In the right time and place, the noindex tag can be a wonderful thing. Unfortunately, there are times where it can cause problems.
Over the past few years, I have had the chance to work on a number of sites with page counts running into the hundreds of millions. The reasons why people allow their sites to grow to such sizes are many and varied. Here are some of the more common reasons why this ends up happening:
- The publisher is trying to maximize their ability to rank on long-tail terms.
- The publisher believes that offering a massive level of refinements is good for the user experience.
- The site uses an unconstrained tagging system that allows any combination of tags (even clearly illogical combinations) to create unique new pages.
- The site implementation has bugs in it that result in pages being unintentionally created.
When sites grow this large, it often means that many of the pages have very little redeeming value, or that the differences between groups of pages in a given section are nearly trivial.
Consider, for example, a page about “Size 10 blue left-handed bottle washing widgets” and “Size 10 green left-handed bottle washing widgets.” Users may want to choose their color, but that should not really require the creation of an entirely new web page. I have seen situations where the ratio of total pages to arguably useful pages is as high as 10:1!
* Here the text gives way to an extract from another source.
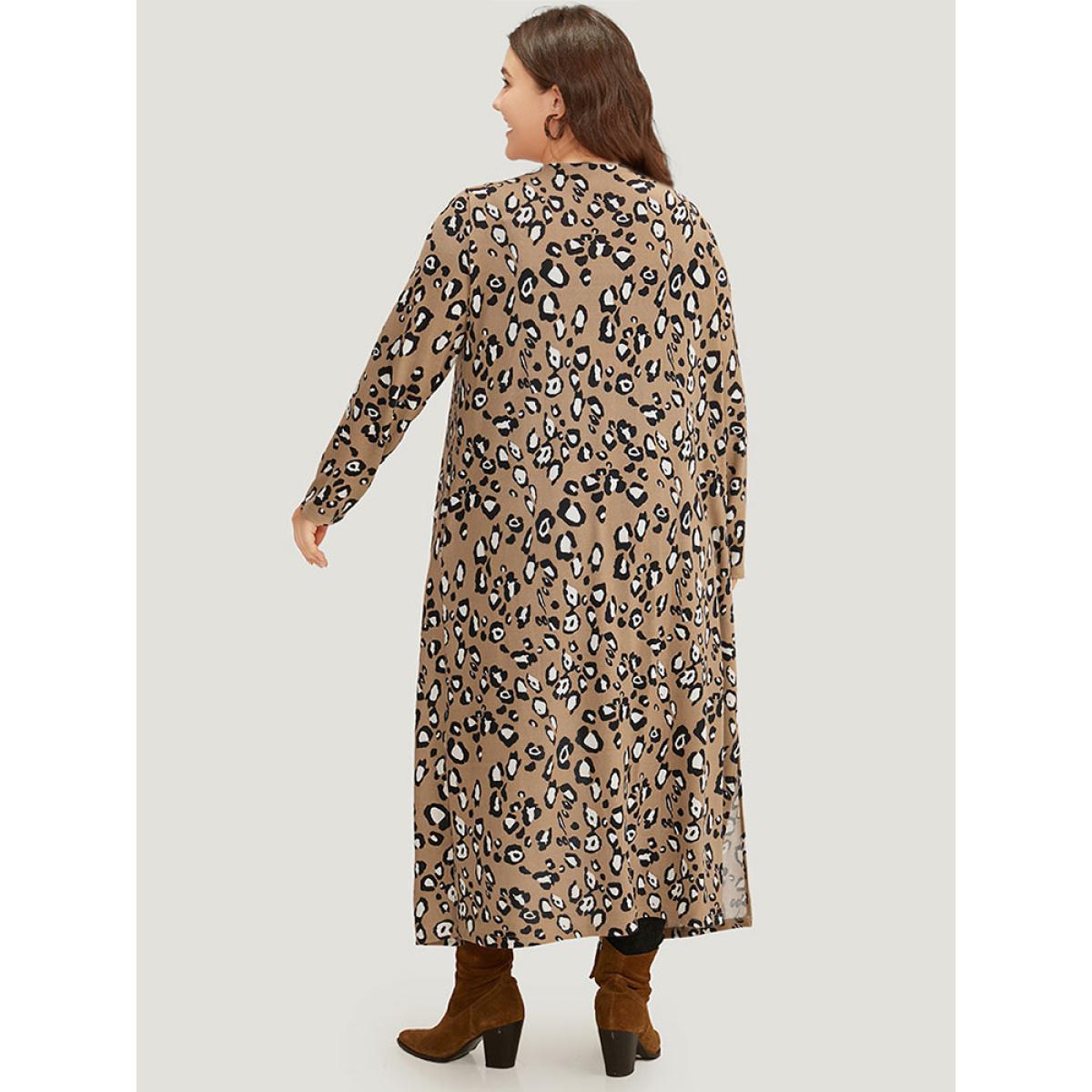 Plus Size Leopard Print Split Hem Pocket Kimono Women Tan Casual Printed Pocket Dailywear Kimonos BloomChic 14-16/1X Product Image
The problem with having pages like this is that it can cause your site to be flagged by Google as thin content. This could mean a loss of visibility due to the Panda algorithm or even a manual penalty. Neither of these is a good thing!
Noindexing Not The Answer
One way to avoid the penalty scenario is to put the noindex tag on the pages that you do not wish to be included in Google’s index. Assuming that you can identify all of the pages that might cause Google concern, this will remove the risk of the manual penalty or being hit by the Panda algorithm, but this is not enough. Let’s explore the three main reasons why:
1. Dilution Of PageRank Focus. One common scenario is that the “bad” pages are linked to within a list of products.
When this is handled properly, the links in this list point to pages that are very closely related and highly relevant to the page the links are on and worth indexation, as shown here:
Don’t get me wrong, those links are an important part of your site structure, so having them there is a good thing. However, the links to those product pages within a topically relevant navigation path (“Topically Relevant Links to Key Money Pages”) are truly precious. You don’t want to waste them.
The problem starts when some of the links in the product list are pages that are not worthy of being indexed. You can solve the penalty related problems with the noindex tag, but you end up wasting some of that PageRank. Here is an example page to illustrate the problem:
In the example image above, 20% of our Topically Relevant Links to Key Money Pages are pointing to a noindexed page. This PageRank is basically completely wasted. Why? Let’s take a look at what happens on that noindexed page:
Some of the PageRank is consumed by the noindexed page itself, and even though the noindexed page can still pass the rest of the PageRank out to other pages via links, the great majority of those links are going to pages other than your key money pages as I showed in the example image above.
2. PageRank Passed Into Never-Never Land. Wasting the PageRank from Topically Relevant Links to Key Money Pages is bad enough, but it’s not the only problem. On very large sites, you can have a situation where Google does not crawl your entire site, as shown here:
As shown in this image, Google reaches the point where the crawling stops. It simply has decided that there are too many pages on the site for it to go any further. Yet the pages at the bottom of the tree where the crawling stops are still passing the PageRank they have to other pages that Google has not, and will not, crawl. That PageRank is effectively passed into never-never land, and it’s wasted as well.
3. Chews Up Crawl Bandwidth. Google still crawls pages with the NoIndex tag on the page. If you have a large percentage of pages on your site that are noindexed, Google will spend time crawling those pages instead of crawling pages that it might actually rank for you.
This can hurt you when you make major changes on your site that you want Google to see and process, or when you add a new section to the site. For most sites, Google only crawls a small portion of the site on a given day, so having it spend time on a part of their “crawl budget” on pages that have no meaning to them can greatly slow down the process of discovering the great new changes you made.
Rel=Canonical Not So Good Either
An alternative solution to the NoIndex tag is to implement Google’s rel=canonical tag to tell Google that a given page is to be considered a copy or a subset of another page. In principle, this is great, because it would preserve all of the PageRank associated with the page, and pass it back to the page linked to in the tag. There are two problems with this:
- Rel=canonical is meant to be used only in cases where the page with the tag on it is a strict copy or subset of the page which the tag links to. Using it in situations where this is not the case is not advised.
- Even if the pages you are trying to deal with are strict subsets of pages you want to keep, Google considers rel=canonical to be a suggestion, and it may choose to ignore the suggestion. This is unfortunately, not that uncommon, and in my experience happens a lot in these very large web site situations.
Sometimes You Just Have To Bite The Bullet
Sometimes you have just have to take on the task of cleaning the mess up. It can also pay huge dividends, as shown in this traffic chart:
We reduced the page count on this site by more than 90%, from hundreds of millions of pages to tens of millions. It looks like Google liked it!
A significant development effort will be necessary in order to straighten this sort of situation out; however, my experience is that the rewards usually justify the effort.